On October 16, 1859, Brown led 18 men—13 white and five black—to Harper’s Ferry, Virginia, and seized the federal armory. His plan was to use it to arm local slaves and lead them on an insurrectionist campaign. However, Brown, evidently underestimating local resistance and overestimating the readiness of slaves and antislavery whites to flock to his banner, lingered too long and soon found his position besieged first by the local militia and then by U.S. troops under the command of Robert E. Lee. Brown was captured, and over half his force, including two sons, were killed.

Spooner attempted to organize a plot to rescue Brown by kidnapping the governor of Virginia, but the plan fell through owing to lack of funds and Brown’s own preference for martyrdom. On December 2, 1859, Brown was hanged for treason.

Brown’s raid electrified the nation, terrifying slaveholders and emboldening abolitionists. Ever since, Brown has found demonizers and beatifiers as scholars and activists continue to debate both the moral and strategic merits of Brown’s plan. Some give Brown the credit or blame for helping to trigger the Civil War, whereas others speculate that if emancipation had come through Brown-​style slave insurrection rather than Union occupation, the freed blacks might have been spared a century of Jim Crow and the country as a whole spared the federal centralization consequent on Union victory.

Further Readings

Abels, Jules. Man on Fire: John Brown and the Cause of Liberty. New York: Macmillan, 1971.

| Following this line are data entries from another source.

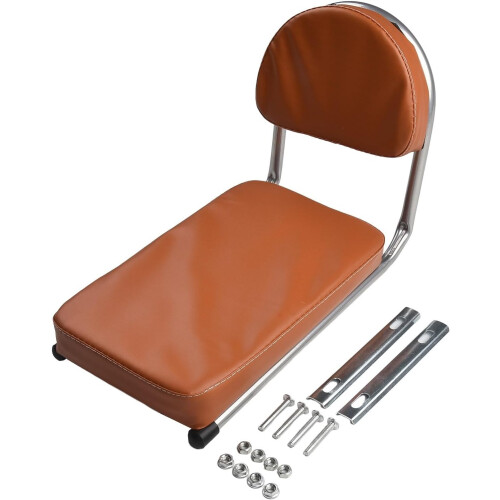 'Soft and Supportive Bicycle Rear Seat with Backrest for Comfortable Riding Schwarz' 2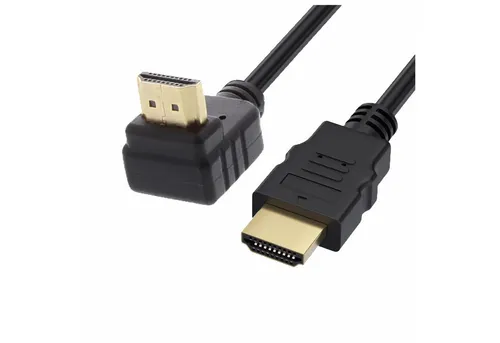 Bolwins J09 HDMI Kabel abgewinkelt für TV DVD Beamer Laptop PC Video Kabel 3m HDMI-Kabel, HDMI Stecker (19-polig, gerade), HDMI Stecker (19-polig, abgewinkelt nach unten) (300 cm), abgewinkelter Stecker für Wandmontage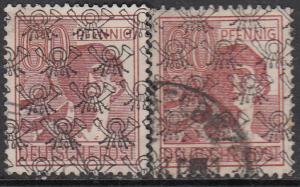 Germany #631 & 631A Used 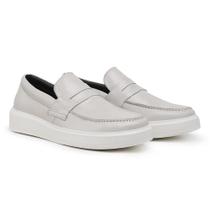 Loafer Masculino Ref.: 9400 Milano Branco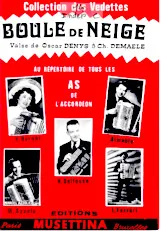download the accordion score Boule de neige in PDF format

Carton, Evan. Patriotic Treason: John Brown and the Soul of America. New York: Free Press, 2006.

Oates, Stephen B. To Purge This Land with Blood: A Biography of John Brown. 2nd ed. Amherst: University of Massachusetts Press, 1984.

Renehan, Edward J., Jr. The Secret Six: The True Tale of the Men Who Conspired with John Brown. Columbia: University of South Carolina Press, 1997.

Reynolds, David S. John Brown. Abolitionist: The Man Who Killed Slavery, Sparked the Civil War, and Seeded Civil Rights. New York: Vintage, 2005.

Sanborn, Franklin B., ed. The Life and Letters of John Brown, Liberator of Kansas, and Martyr of Virginia. Boston: Roberts Brothers, 1891.

Shively, Charles. “Critical Biography of Lysander Spooner.” The Collected Works of Lysander Spooner in Six Volumes; Volume One: Deist, Postal, & Anarchist Writings. C. Shively, ed. Weston, MA: M&S Press, 1971. 15–62.